Class UAX29URLEmailTokenizerImpl31

  • All Implemented Interfaces:
    StandardTokenizerInterface

    @Deprecated
    public final class UAX29URLEmailTokenizerImpl31
    extends java.lang.Object
    implements StandardTokenizerInterface
    Deprecated.
    This class is only for exact backwards compatibility
    This class implements UAX29URLEmailTokenizer, except with a bug (https://issues.apache.org/jira/browse/LUCENE-3358) where Han and Hiragana characters would be split from combining characters:
    • Field Summary

      Fields 
      Modifier and Type Field Description
      static int EMAIL_TYPE
      Deprecated.
       
      static int HANGUL_TYPE
      Deprecated.
       
      static int HIRAGANA_TYPE
      Deprecated.
       
      static int IDEOGRAPHIC_TYPE
      Deprecated.
       
      static int KATAKANA_TYPE
      Deprecated.
       
      static int NUMERIC_TYPE
      Deprecated.
      Numbers
      static int SOUTH_EAST_ASIAN_TYPE
      Deprecated.
      Chars in class \p{Line_Break = Complex_Context} are from South East Asian scripts (Thai, Lao, Myanmar, Khmer, etc.).
      static int URL_TYPE
      Deprecated.
       
      static int WORD_TYPE
      Deprecated.
      Alphanumeric sequences
      static int YYEOF
      Deprecated.
      This character denotes the end of file
      static int YYINITIAL
      Deprecated.
      lexical states
    • Constructor Summary

      Constructors 
      Constructor Description
      UAX29URLEmailTokenizerImpl31​(java.io.Reader in)
      Deprecated.
      Creates a new scanner
    • Method Summary

      All Methods Instance Methods Concrete Methods Deprecated Methods 
      Modifier and Type Method Description
      int getNextToken()
      Deprecated.
      Resumes scanning until the next regular expression is matched, the end of input is encountered or an I/O-Error occurs.
      void getText​(CharTermAttribute t)
      Deprecated.
      Fills CharTermAttribute with the current token text.
      void yybegin​(int newState)
      Deprecated.
      Enters a new lexical state
      int yychar()
      Deprecated.
      Returns the current position.
      char yycharat​(int pos)
      Deprecated.
      Returns the character at position pos from the matched text.
      void yyclose()
      Deprecated.
      Closes the input stream.
      int yylength()
      Deprecated.
      Returns the length of the matched text region.
      void yypushback​(int number)
      Deprecated.
      Pushes the specified amount of characters back into the input stream.
      void yyreset​(java.io.Reader reader)
      Deprecated.
      Resets the scanner to read from a new input stream.
      int yystate()
      Deprecated.
      Returns the current lexical state.
      java.lang.String yytext()
      Deprecated.
      Returns the text matched by the current regular expression.
      • Methods inherited from class java.lang.Object

        equals, getClass, hashCode, notify, notifyAll, toString, wait, wait, wait
    • Field Detail

      • YYEOF

        public static final int YYEOF
        Deprecated.
        This character denotes the end of file
        See Also:
        Constant Field Values
      • YYINITIAL

        public static final int YYINITIAL
        Deprecated.
        lexical states
        See Also:
        Constant Field Values
      • WORD_TYPE

        public static final int WORD_TYPE
        Deprecated.
        Alphanumeric sequences
        See Also:
        Constant Field Values
      • SOUTH_EAST_ASIAN_TYPE

        public static final int SOUTH_EAST_ASIAN_TYPE
        Deprecated.
        Chars in class \p{Line_Break = Complex_Context} are from South East Asian scripts (Thai, Lao, Myanmar, Khmer, etc.). Sequences of these are kept together as as a single token rather than broken up, because the logic required to break them at word boundaries is too complex for UAX#29.
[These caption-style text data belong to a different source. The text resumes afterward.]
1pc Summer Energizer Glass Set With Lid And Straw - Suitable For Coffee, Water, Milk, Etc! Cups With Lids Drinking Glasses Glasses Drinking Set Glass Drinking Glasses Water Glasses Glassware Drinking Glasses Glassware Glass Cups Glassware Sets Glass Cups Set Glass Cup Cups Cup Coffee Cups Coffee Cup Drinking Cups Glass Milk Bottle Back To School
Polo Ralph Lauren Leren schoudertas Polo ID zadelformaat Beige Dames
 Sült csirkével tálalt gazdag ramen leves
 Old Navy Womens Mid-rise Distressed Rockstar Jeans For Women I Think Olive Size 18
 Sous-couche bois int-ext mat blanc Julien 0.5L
        See Unicode Line Breaking Algorithm: http://www.unicode.org/reports/tr14/#SA

        See Also:
        Constant Field Values
    • Constructor Detail

      • UAX29URLEmailTokenizerImpl31

        public UAX29URLEmailTokenizerImpl31​(java.io.Reader in)
        Deprecated.
        Creates a new scanner
        Parameters:
        in - the java.io.Reader to read input from.
    • Method Detail

      • yyclose

        public final void yyclose()
                           throws java.io.IOException
        Deprecated.
        Closes the input stream.
        Throws:
        java.io.IOException
      • yyreset

        public final void yyreset​(java.io.Reader reader)
        Deprecated.
        Resets the scanner to read from a new input stream. Does not close the old reader. All internal variables are reset, the old input stream cannot be reused (internal buffer is discarded and lost). Lexical state is set to ZZ_INITIAL. Internal scan buffer is resized down to its initial length, if it has grown.
        Specified by:
        yyreset in interface StandardTokenizerInterface
        Parameters:
        reader - the new input stream
      • yystate

        public final int yystate()
        Deprecated.
        Returns the current lexical state.
      • yybegin

        public final void yybegin​(int newState)
        Deprecated.
        Enters a new lexical state
        Parameters:
        newState - the new lexical state
      • yytext

        public final java.lang.String yytext()
        Deprecated.
        Returns the text matched by the current regular expression.
      • yycharat

        public final char yycharat​(int pos)
        Deprecated.
        Returns the character at position pos from the matched text. It is equivalent to yytext().charAt(pos), but faster
        Parameters:
        pos - the position of the character to fetch. A value from 0 to yylength()-1.
        Returns:
        the character at position pos
      • yypushback

        public void yypushback​(int number)
        Deprecated.
        Pushes the specified amount of characters back into the input stream. They will be read again by then next call of the scanning method
        Parameters:
        number - the number of characters to be read again. This number must not be greater than yylength()!
      • getNextToken

        public int getNextToken()
                         throws java.io.IOException
        Deprecated.
        Resumes scanning until the next regular expression is matched, the end of input is encountered or an I/O-Error occurs.
        Specified by:
        getNextToken in interface StandardTokenizerInterface
        Returns:
        the next token
        Throws:
        java.io.IOException - if any I/O-Error occurs